Vedersi, incontrarsi, passare un po’ di tempo insieme dove nessuno può vederli, è un’abitudine che si è man mano andata radicando dentro di loro. I loro amici non sanno che si conoscono, evitano di parlarsi in pubblico, di rivolgersi la parola a lezione, di incontrare lo sguardo l’uno dell’altra quando sono nei corridoi. I tempi nel Mondo Magico sono oscuri, pieni di pericoli e i giornali riportano ogni giorno storie terribili di scomparse o omicidi, di attacchi a Babbani o a Mazzosangue e anche a scuola si inizia a respirare l’aria tesa che preannuncia la guerra imminente.
Regulus Black è un Purosangue, appartiene a una delle famiglie magiche più antiche e oscure e nessuno mette in dubbio dove si schiererà; anche Marlene ne è sicura, pur facendo fatica a immaginare il ragazzo gentile della biblioteca indossare il mantello dei Mangiamorte e dare la caccia a qualcuno - a lei, che di Purosangue non ha niente.

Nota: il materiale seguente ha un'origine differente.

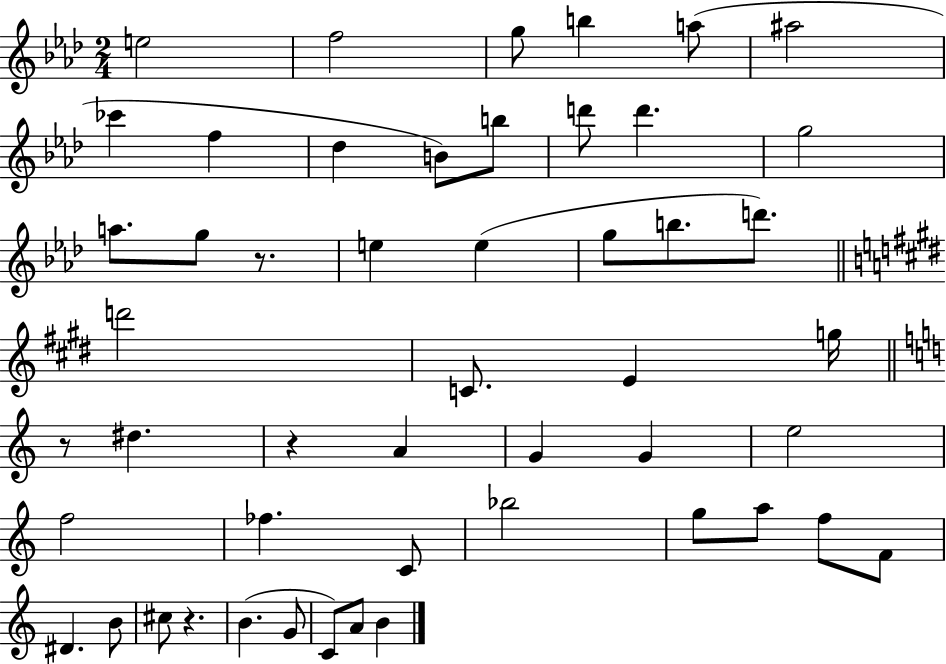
E5/h F5/h G5/e B5/q A5/e A#5/h CES6/q F5/q Db5/q B4/e B5/e D6/e D6/q. G5/h A5/e. G5/e R/e. E5/q E5/q G5/e B5/e. D6/e. D6/h C4/e. E4/q G5/s R/e D#5/q. R/q A4/q G4/q G4/q E5/h F5/h FES5/q. C4/e Bb5/h G5/e A5/e F5/e F4/e D#4/q. B4/e C#5/e R/q. B4/q. G4/e C4/e A4/e B4/q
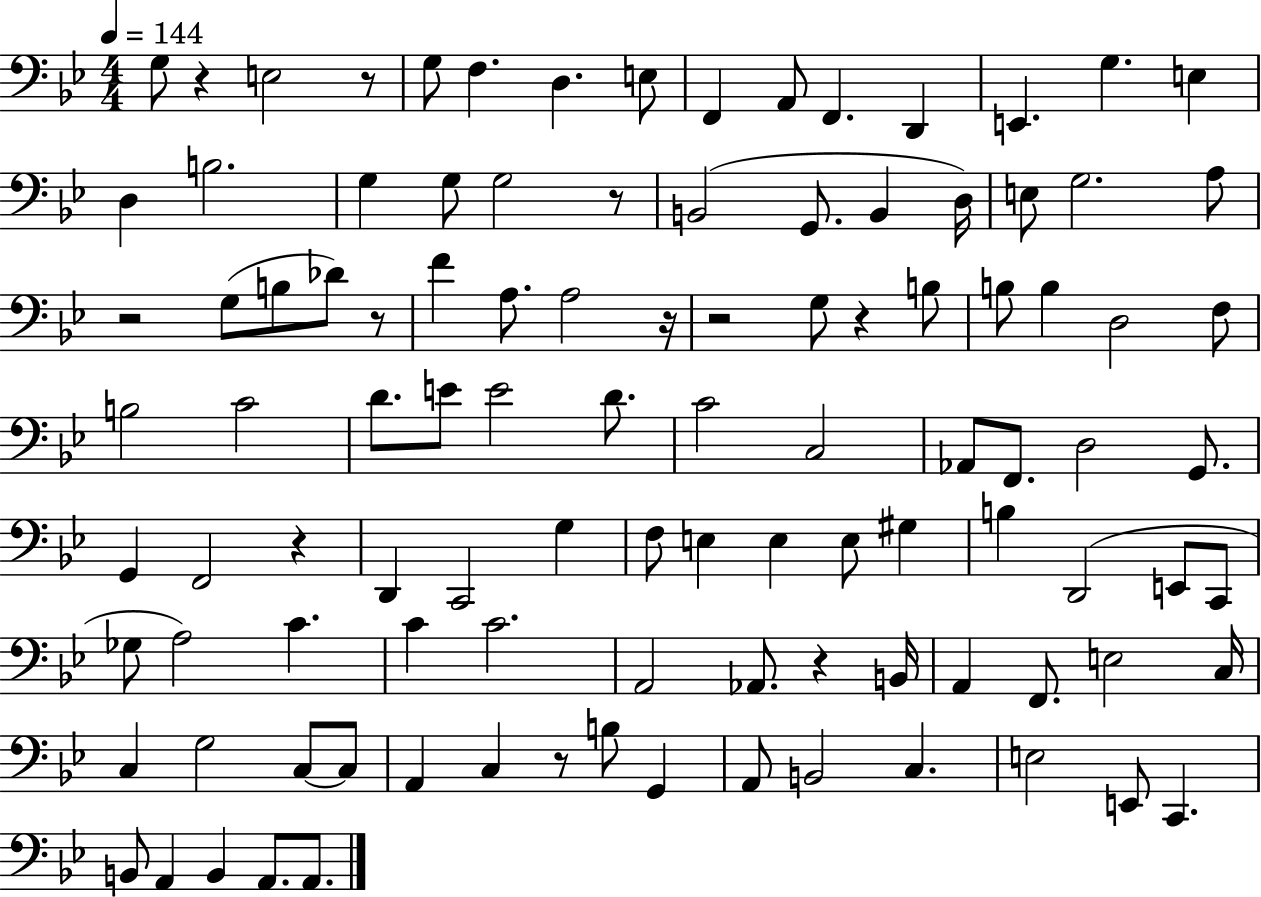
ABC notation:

X:1
T:Untitled
M:4/4
L:1/4
K:Bb
G,/2 z E,2 z/2 G,/2 F, D, E,/2 F,, A,,/2 F,, D,, E,, G, E, D, B,2 G, G,/2 G,2 z/2 B,,2 G,,/2 B,, D,/4 E,/2 G,2 A,/2 z2 G,/2 B,/2 _D/2 z/2 F A,/2 A,2 z/4 z2 G,/2 z B,/2 B,/2 B, D,2 F,/2 B,2 C2 D/2 E/2 E2 D/2 C2 C,2 _A,,/2 F,,/2 D,2 G,,/2 G,, F,,2 z D,, C,,2 G, F,/2 E, E, E,/2 ^G, B, D,,2 E,,/2 C,,/2 _G,/2 A,2 C C C2 A,,2 _A,,/2 z B,,/4 A,, F,,/2 E,2 C,/4 C, G,2 C,/2 C,/2 A,, C, z/2 B,/2 G,, A,,/2 B,,2 C, E,2 E,,/2 C,, B,,/2 A,, B,, A,,/2 A,,/2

Un giorno, prima delle vacanze di Natale, durante il loro settimo e ultimo anno a Hogwarts, Marlene e Regulus litigano, litigano per davvero e per un motivo così stupido che lui neanche lo ricorda.
Forse un Tassorosso, quel tipo tutto lentiggini e occhiali di cui non ha mai imparato il nome, ha chiesto a Marlene di andare a Mielandia con lui il weekend dopo, oppure gli ha restituito di nuovo la penna dopo averla mangiucchiata. Regulus davvero non lo sa. Semplicemente hanno litigato e hanno smesso di parlarsi. Non si sono scritti lettere durante le vacanze e non si sono spediti regali, hanno smesso di incontrarsi nei soliti posti e hanno preso a passare più tempo con i loro amici.

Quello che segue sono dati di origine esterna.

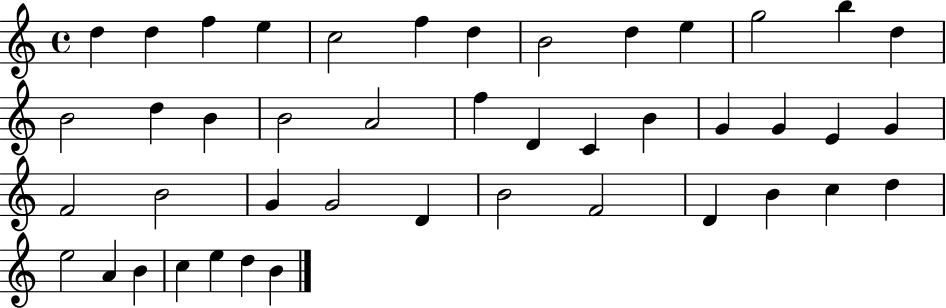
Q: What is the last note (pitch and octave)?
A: B4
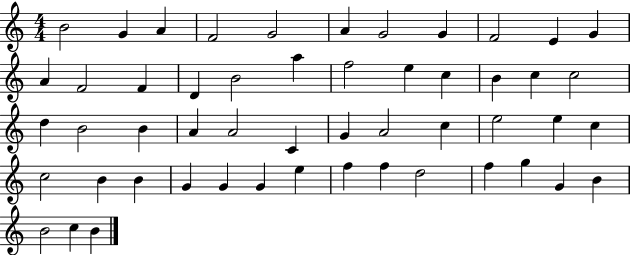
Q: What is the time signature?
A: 4/4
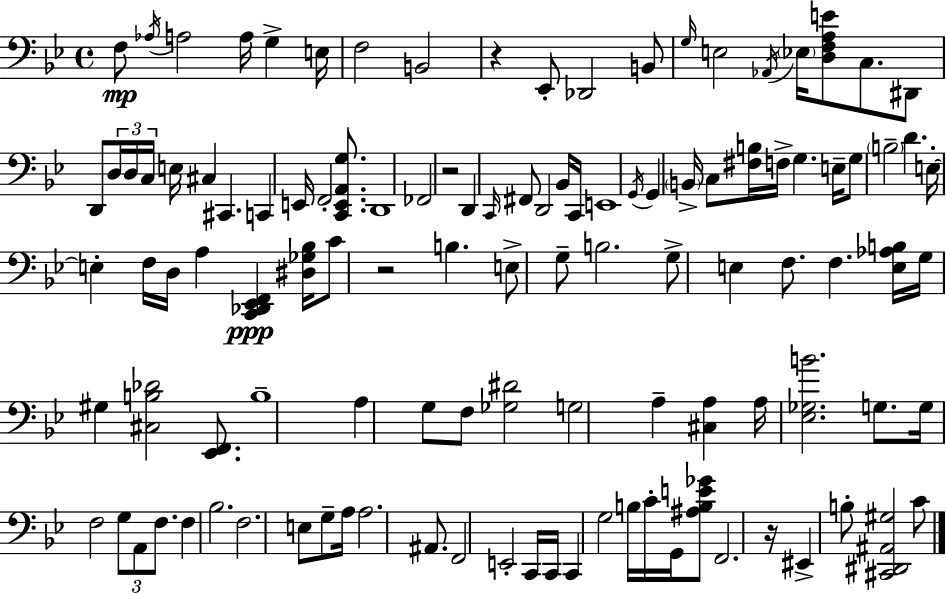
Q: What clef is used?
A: bass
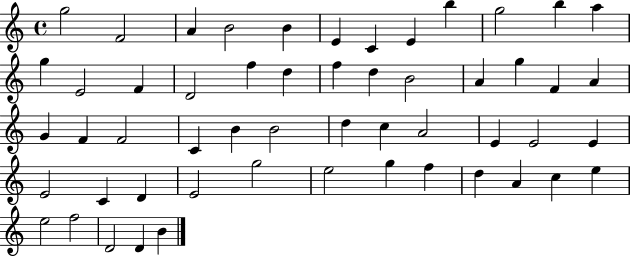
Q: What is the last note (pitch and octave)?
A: B4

Al ritorno dalle vacanze di natale, quel litigio è un ricordo così lontano e fastidioso che Regulus neanche ci pensa più. Torna in biblioteca, al loro tavolo, alla loro ora; va in quel corridoio del secondo piano che tutti credono infestato e in cui nessuno si addentra, passeggia per la serra la domenica mattina, ma niente. Marlene non la vede neanche a lezione, neanche a mensa, neanche per sbaglio. Il tavolo dei Grifondoro è meno rumoroso e allegro dei solito e le ragazze del suo anno non parlano più di cose frivole o incantesimi romantici prima dell’inizio della lezione, per ammazzare il tempo.
Regulus cerca di non farci caso, mentre le radici della consapevolezza iniziano ad attecchire dolorosamente nel suo petto.

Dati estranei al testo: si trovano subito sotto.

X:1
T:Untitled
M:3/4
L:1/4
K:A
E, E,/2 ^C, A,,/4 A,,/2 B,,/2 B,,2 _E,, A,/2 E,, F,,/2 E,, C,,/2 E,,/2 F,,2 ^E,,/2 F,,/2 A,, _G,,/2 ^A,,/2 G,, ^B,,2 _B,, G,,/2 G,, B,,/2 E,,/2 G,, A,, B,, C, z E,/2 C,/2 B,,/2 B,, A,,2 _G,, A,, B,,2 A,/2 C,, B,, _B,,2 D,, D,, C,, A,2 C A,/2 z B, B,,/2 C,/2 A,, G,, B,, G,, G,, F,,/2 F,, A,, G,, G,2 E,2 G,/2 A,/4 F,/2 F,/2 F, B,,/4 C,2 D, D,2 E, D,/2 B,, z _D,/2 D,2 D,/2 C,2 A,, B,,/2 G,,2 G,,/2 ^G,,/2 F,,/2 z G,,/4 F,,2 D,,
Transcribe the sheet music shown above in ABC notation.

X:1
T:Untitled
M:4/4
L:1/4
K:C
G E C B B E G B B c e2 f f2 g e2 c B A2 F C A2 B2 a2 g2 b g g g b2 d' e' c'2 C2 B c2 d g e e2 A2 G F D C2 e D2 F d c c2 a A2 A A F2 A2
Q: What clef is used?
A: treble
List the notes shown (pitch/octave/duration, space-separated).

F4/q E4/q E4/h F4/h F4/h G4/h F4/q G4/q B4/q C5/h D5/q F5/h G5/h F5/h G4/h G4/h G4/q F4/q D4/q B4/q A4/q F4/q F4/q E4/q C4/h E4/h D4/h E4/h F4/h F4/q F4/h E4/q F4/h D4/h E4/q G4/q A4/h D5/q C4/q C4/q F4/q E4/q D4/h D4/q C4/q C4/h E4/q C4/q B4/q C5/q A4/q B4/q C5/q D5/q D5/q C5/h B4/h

Marlene aveva un naso lunghissimo, gli occhi sporgenti e di un colore anonimo e i capelli biondi e perennemente disordinati; un numero spropositato di fratelli - quattro? Cinque? - e il sangue sporco. Figlia di una Babbana e di un Mago, non ha mai fatto segreto delle sue origini, ma Regulus è comunque scosso quando apprende della sua scomparsa - è morta, lo sa.
Marlene è una di quelle figura di poco rilievo, di quelle vittime necessarie per la causa, di quei nomi che vengono sbagliati quando si vanno a ricopiare per una ricerca di storia.
Marlene è insignificante, un dettaglio la cui mancanza quasi non turba il Mondo Magico e Regulus non è per niente turbato dal non vederla più in biblioteca o dietro la serra, la domenica mattina, con i capelli da letto e il sorriso assonnato. Regulus non è per niente toccato dalla sua scomparsa, si dice, se lo ripete ogni tanto, per rimarcare il concetto. Poi un giorno, mentre studia per il M.A.G.O. sfoglia un libro, uno di quelli che due anni prima avevano consultato insieme e trova un capello biondo, riccio, inconfondibile. E si sente male come se avesse davvero un ragno in testa.